By coincidence I implemented that quarter square code a few months ago - also used another old coder’s trick for generating the table of squares. I was experimenting to see if I could speed up some of the arithmetic that the 6809 version of gcc generated. (I couldn’t but got quite close for some operations). Here’s a C version of quarter square plus some other junk: mul8.c ; a more polished version of 8-bit stuff for the vectrex: vectrex-muldiv.c (and a version that ran on the Vectrex and accurately timed execution to cycle precision using the VIA timer: cycle-counting.c ) - I’m not sure how useful any of that is but you might find it fun to try some of them if you still code for any 8-bit platforms…


This post inspired me to try to speed up my 32 bit multiplication in my retro Ruby 816 system (A 65c816 CPU with 512KB of RAM that runs BCPL)

It gave a marginal speed increase over my existing 32-bit shift and add code but not that significant. My system also has an ATmega “co-processor” which I was using to offload arithmetic operations to and it more or less matched that for speed, but added over 1KB to the '816 side.

Now, it’s entirely possible that my way to use it to implement a 32-bit multiply is not efficient, but it’s hard to tell.

In the process of testing it all, I made some posts over on the 6502.org forum and 3 others proposed faster solutions that didn’t use the quarter square method. One of these was actually faster and the code was much smaller too. The thread I started was:


However, what I’ve not done is benchmark the underlying 8x8 multiply against any other 8x8 multiply, so it may still be faster there, but it looks like when extending the operations to 32-bits then the gains may not always be as good as you might imagine…
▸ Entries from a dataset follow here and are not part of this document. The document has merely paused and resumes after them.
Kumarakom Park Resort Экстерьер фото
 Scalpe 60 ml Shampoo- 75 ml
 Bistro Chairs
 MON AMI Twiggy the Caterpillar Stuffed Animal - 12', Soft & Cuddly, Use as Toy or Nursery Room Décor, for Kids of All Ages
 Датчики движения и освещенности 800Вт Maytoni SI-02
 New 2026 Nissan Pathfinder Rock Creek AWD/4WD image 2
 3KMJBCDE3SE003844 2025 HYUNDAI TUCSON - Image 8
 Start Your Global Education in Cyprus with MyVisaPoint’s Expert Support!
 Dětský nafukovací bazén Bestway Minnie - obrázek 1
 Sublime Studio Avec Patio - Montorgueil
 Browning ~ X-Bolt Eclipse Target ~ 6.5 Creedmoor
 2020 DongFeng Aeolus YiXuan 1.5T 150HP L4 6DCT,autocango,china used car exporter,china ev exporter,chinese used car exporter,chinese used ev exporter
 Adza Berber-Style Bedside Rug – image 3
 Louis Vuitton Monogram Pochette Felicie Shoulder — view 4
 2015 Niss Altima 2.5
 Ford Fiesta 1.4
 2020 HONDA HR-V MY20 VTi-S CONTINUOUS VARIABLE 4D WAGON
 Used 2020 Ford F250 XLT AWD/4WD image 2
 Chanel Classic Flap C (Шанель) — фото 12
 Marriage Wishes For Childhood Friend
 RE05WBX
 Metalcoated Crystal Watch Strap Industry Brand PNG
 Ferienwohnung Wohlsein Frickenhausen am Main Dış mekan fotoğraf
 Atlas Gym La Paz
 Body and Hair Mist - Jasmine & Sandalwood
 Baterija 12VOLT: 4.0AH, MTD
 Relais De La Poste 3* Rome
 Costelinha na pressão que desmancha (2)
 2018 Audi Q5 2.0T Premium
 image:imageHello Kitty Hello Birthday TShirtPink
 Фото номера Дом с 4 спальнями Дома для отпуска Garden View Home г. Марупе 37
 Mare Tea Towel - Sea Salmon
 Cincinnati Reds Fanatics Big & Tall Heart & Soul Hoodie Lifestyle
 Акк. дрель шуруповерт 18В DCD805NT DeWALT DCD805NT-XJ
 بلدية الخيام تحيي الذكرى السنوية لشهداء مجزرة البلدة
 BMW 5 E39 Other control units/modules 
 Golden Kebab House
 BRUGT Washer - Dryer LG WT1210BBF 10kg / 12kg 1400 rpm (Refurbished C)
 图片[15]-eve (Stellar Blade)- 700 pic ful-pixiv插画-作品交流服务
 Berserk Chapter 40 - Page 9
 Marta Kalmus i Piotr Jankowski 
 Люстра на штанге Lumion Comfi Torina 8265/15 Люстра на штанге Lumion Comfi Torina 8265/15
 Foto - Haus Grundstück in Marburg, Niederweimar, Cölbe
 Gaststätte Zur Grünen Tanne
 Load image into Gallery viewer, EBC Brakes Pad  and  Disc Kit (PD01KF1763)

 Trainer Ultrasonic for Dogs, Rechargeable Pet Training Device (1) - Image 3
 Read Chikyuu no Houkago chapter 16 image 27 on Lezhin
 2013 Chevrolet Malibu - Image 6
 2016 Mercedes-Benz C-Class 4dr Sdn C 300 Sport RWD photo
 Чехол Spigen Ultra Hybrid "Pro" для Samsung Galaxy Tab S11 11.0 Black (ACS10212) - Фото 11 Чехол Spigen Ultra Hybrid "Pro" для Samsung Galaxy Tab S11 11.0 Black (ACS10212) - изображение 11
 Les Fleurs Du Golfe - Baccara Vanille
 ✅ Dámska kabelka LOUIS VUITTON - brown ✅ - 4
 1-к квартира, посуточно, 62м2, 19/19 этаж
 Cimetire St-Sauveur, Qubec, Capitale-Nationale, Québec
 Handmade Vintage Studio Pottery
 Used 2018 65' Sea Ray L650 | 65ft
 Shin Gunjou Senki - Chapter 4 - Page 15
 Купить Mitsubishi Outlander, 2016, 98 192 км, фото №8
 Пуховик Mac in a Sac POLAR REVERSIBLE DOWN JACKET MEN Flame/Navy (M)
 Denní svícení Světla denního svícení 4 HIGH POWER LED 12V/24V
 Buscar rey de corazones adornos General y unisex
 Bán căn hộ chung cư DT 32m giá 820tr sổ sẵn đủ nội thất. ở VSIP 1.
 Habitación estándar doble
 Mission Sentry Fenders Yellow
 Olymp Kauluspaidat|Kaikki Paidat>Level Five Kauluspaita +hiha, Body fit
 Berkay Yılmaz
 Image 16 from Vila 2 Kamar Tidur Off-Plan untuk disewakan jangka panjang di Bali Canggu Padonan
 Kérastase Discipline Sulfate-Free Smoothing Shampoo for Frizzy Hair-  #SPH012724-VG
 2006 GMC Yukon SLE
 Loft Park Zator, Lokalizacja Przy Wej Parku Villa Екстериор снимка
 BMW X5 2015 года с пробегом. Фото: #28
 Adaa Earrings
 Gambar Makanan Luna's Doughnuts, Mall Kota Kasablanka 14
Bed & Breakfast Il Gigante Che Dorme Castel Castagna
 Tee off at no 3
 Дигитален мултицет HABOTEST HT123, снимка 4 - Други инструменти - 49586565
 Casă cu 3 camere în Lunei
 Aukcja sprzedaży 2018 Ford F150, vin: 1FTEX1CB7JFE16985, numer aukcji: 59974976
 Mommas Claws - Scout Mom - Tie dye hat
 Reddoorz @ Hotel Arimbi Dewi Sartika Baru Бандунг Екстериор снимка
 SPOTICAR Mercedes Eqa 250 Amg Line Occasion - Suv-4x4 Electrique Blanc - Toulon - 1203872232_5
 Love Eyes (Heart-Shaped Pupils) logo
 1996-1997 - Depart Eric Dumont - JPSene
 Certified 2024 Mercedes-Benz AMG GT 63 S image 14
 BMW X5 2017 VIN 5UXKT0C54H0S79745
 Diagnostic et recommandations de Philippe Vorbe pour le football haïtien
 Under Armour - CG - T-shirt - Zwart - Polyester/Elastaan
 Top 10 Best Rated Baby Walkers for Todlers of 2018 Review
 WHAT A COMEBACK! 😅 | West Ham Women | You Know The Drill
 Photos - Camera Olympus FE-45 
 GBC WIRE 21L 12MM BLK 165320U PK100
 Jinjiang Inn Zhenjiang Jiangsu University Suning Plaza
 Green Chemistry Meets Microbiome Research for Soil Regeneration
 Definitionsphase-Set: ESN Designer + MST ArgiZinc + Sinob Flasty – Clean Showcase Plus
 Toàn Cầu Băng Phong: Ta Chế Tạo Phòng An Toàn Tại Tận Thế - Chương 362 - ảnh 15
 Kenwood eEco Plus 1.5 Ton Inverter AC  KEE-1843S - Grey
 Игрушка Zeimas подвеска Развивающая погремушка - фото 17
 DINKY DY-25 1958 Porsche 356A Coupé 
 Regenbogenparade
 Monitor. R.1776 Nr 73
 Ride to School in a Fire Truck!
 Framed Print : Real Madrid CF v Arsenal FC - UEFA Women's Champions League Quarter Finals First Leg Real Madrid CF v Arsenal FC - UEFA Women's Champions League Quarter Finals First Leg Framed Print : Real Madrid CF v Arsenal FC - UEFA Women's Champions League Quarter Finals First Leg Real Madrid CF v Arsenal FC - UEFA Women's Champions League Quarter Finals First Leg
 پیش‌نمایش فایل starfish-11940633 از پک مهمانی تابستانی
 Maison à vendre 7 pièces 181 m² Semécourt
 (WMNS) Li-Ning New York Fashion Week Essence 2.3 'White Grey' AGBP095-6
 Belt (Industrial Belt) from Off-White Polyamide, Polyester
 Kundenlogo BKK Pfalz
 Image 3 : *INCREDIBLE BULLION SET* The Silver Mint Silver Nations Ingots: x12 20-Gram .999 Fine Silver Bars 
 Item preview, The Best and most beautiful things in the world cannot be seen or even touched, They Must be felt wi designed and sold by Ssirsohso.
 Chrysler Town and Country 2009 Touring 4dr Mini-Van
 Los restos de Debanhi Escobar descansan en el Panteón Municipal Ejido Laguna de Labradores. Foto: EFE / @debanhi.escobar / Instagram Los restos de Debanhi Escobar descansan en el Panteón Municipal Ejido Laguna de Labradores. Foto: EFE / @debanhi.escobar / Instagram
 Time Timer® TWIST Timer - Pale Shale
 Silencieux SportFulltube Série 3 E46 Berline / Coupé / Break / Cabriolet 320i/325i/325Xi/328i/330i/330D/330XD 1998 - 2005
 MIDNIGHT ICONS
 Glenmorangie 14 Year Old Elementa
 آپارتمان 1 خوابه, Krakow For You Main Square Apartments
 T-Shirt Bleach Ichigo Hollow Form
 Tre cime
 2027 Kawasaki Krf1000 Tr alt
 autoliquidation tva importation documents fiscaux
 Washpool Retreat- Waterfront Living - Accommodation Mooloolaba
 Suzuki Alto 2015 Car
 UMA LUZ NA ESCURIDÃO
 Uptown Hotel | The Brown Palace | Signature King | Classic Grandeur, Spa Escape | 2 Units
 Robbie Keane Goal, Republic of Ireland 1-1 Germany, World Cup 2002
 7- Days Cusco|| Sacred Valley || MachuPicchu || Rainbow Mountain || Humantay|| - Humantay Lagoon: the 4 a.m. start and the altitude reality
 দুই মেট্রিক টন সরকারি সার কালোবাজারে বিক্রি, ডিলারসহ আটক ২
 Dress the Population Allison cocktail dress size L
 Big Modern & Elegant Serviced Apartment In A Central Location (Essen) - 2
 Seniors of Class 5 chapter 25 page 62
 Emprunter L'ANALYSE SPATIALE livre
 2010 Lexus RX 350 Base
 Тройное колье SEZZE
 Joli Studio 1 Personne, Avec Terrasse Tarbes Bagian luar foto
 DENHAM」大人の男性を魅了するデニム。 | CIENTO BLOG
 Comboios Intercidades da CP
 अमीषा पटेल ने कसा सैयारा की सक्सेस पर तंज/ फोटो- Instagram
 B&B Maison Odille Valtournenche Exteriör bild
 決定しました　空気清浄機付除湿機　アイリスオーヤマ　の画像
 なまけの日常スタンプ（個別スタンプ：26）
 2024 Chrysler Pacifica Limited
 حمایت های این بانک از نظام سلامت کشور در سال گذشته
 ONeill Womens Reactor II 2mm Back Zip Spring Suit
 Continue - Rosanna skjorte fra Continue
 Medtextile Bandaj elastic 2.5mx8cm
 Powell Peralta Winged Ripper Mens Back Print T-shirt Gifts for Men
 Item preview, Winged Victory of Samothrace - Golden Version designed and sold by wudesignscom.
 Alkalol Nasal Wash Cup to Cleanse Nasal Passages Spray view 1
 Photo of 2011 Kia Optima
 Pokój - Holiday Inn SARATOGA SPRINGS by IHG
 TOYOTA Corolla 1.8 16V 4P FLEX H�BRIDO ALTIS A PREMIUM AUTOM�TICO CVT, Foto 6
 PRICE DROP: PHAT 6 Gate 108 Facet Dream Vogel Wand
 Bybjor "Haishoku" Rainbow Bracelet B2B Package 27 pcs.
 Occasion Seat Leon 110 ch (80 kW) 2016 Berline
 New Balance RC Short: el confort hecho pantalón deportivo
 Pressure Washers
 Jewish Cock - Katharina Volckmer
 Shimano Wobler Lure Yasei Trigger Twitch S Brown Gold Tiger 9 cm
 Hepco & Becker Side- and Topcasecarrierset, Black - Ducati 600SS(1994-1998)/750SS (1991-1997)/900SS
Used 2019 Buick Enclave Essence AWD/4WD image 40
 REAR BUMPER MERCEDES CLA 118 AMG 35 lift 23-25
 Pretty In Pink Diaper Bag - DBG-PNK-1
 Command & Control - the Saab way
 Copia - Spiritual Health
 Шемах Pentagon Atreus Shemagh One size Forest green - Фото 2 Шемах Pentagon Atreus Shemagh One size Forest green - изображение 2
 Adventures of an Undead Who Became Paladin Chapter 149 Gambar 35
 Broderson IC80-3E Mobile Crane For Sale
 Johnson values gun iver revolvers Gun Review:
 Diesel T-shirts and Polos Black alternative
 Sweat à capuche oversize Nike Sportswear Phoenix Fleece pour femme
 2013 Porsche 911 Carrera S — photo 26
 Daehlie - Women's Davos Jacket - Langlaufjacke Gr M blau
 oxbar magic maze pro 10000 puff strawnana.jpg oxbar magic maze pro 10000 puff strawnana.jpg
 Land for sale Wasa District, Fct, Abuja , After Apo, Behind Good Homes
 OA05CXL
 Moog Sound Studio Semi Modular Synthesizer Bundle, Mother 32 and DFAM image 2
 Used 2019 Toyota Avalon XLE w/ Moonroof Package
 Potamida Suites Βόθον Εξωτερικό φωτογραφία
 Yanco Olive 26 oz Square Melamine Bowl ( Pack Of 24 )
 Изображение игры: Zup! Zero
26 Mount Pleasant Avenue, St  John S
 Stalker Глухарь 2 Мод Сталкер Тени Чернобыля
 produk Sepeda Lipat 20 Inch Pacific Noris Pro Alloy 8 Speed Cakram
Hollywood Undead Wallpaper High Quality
Just to follow up my own post here, I decided to have a go at the “ultimate” 8x8 multiply on the 65816 CPU. … I created a table of all the products of 0…255 times 0…255. This results in a table of 128KBytes in size of the 16-bit products, or 64KB of the low byte and 64KB of the high byte. The '816 makes it relatively easy to index into these tables - which would be much harder on the 65C02.

My resulting code for a 32-bit multiply was about 2.5 times faster than the existing multiplys I tested. However the down-side is that 128KB of RAM needed.

Todays systems can do this in a single cycle, but back in the time of the '816 CPU - say mid 80’s, that was still a significant amount of RAM to dedicate just for a multiply - also at that time we were starting to see hardware assist appear in the form of “blitter” chips and so on.

It was an interesting diversion though.